At the end and beginning of the majority of the songs on the album, Kendrick recites bits and pieces of what sounds like a poem. As the album goes on, he adds more and more pieces to the poem that he will fully recite in the end.The beginning of the album is really focused on Kendrick’s introspective as an international superstar, the pros and the cons. After the second interlude, “For Sale?”, Kendrick finds his way back home where everything is the same. Track 9, “Momma” is a very warm and laid back song. Every time the song starts I reminisce about home. A nice vocal sings over a groovy tempo. Kendrick raps about the importance of home and remembering where your roots are. Even though he is a multi-million dollar hip hop artist who has been all over the world, none of that matters once you come home. Everyone still sees Kendrick as that good kid in a mad city. He also raps about how if the spotlight is too overwhelming, he is always welcome back home to the streets of LA.
After “U”, I would say that track 11, “How Much a Dollar Cost” is the most visual and descriptive song. Kendrick raps about an experience he had to a visit to South Africa. He spots a homeless man resting outside of a gas station where he is pumping gas. In Compton, Kendrick has always knew that homeless people or “bums” only want money so they get drugs. Due to this prior knowledge, Kendrick does not engage with the homeless man. As Kendrick gets ready to leave he notices the man staring deep into his soul. The man then recites Kendrick a verse from the Holy Bible. Confused, Kendrick tells the homeless man that he cannot get any of his money, even though that is not what the guy wants. After Kendrick’s act of selfishness and inhumanity, the homeless man tells him that he is the son of Man, God, and that he is denied a spot in heaven. Kendrick realizes that money doesn’t dictate happiness. He also comes into realization that God can be manifested through anybody.
Track 15, “i”, is a contradiction to the song “U”. The Isley Brothers sampled song is another one of Kendrick uplifting songs. He centers this song o self-love and motivation. His main inspiration behind this song was fans coming to his shows with slits on their wrists telling him that his music saved their life. This soulful tune also happened to be first single off of the album.

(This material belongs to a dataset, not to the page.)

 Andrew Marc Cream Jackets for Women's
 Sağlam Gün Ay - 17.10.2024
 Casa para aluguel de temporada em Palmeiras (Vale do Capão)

Finally, the last song on the album is titled, “Mortal Man”. This 12-minute track questions his fans loyalty. He repetitively compares himself to the revolutionary Nelson Mandela. He raps over another soulful beat questioning who will stand for him when his career gets manipulated. The second part of the song really dropped jaws for listeners all around the world. Kendrick put together an interview with him and hip hop legend, Tupac. He used an old unreleased Tupac interview and recorded himself asking Tupac questions as if they were sitting face to face. This was an exquisite way to end the album, by bringing a fallen soldier back to life.

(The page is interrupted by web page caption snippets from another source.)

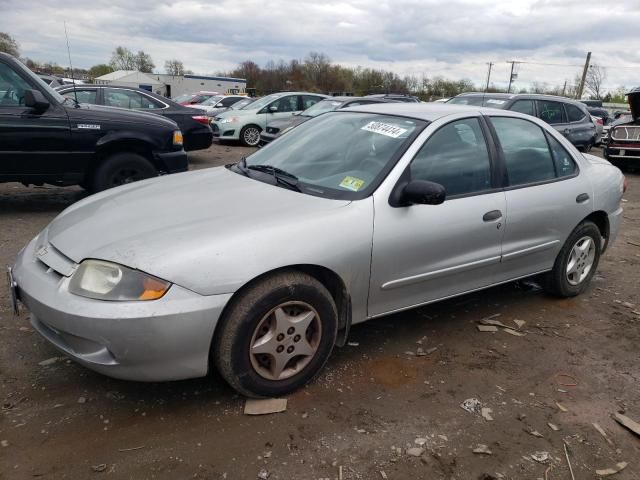 2005 Chevrolet Cavalier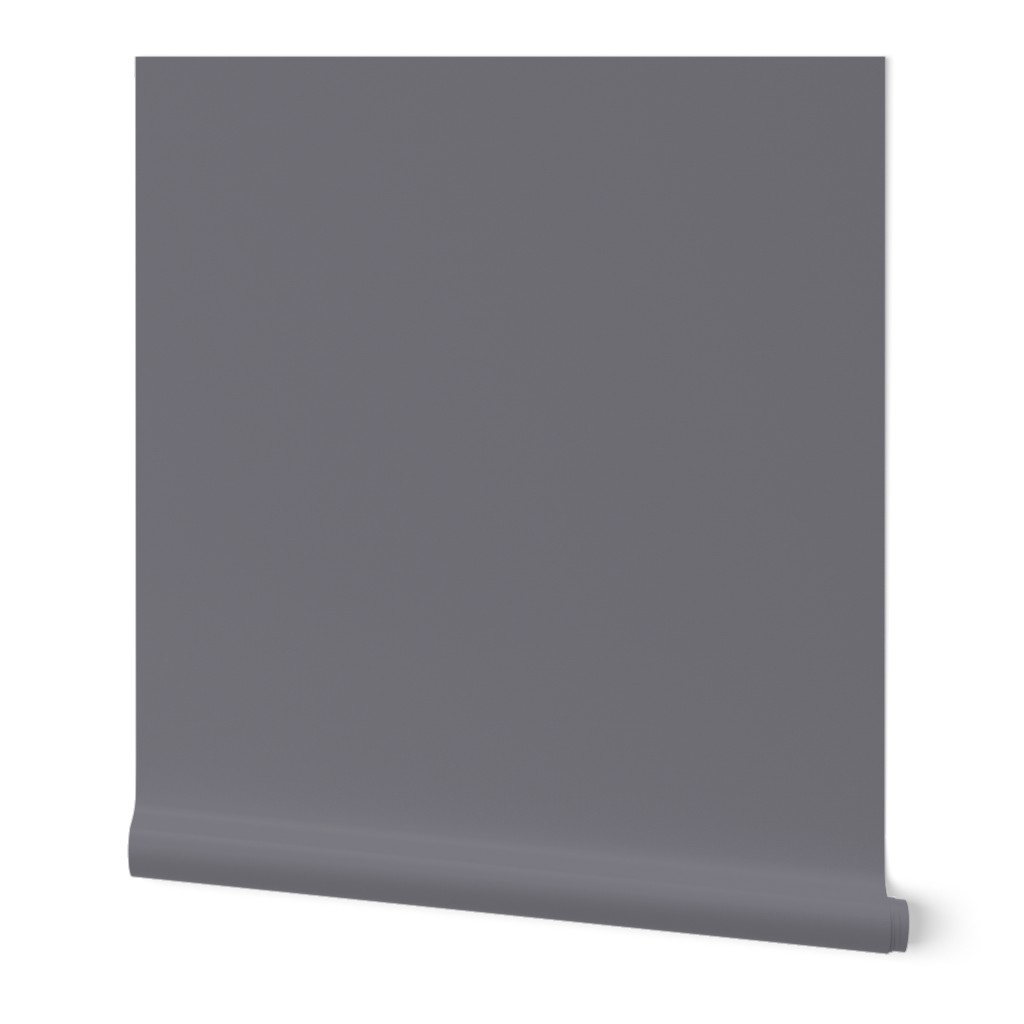 Hematite Grey Solid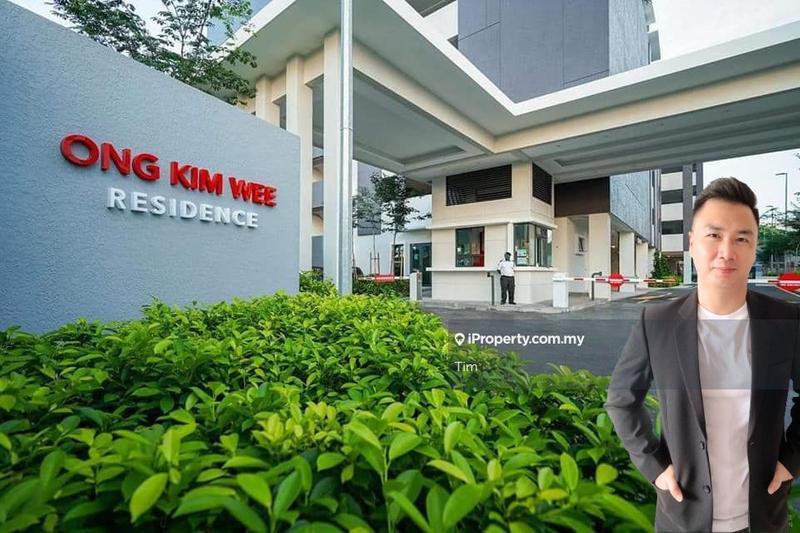 For Sale - Ong Kim Wee Residence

In conclusion, I recommend this album to anyone who has a true love for music. Kendrick Lamar uses style of rap, funk, jazz, soul, and r&b. Good Kid m.A.A.d City and To Pimp a Butterfly are two different sounding albums but they are both great bodies of work in their own way. It’s like GKMC was a short film and TPAB was more of a poem. Kendrick has definitely satisfied the world of Hip-Hop and gave us another potential classic album that will leave a landmark. He has brought back the root elements of hip-hop and he has broken down new barriers for any other artists who are inspired. I would give this album a 10 out of 10.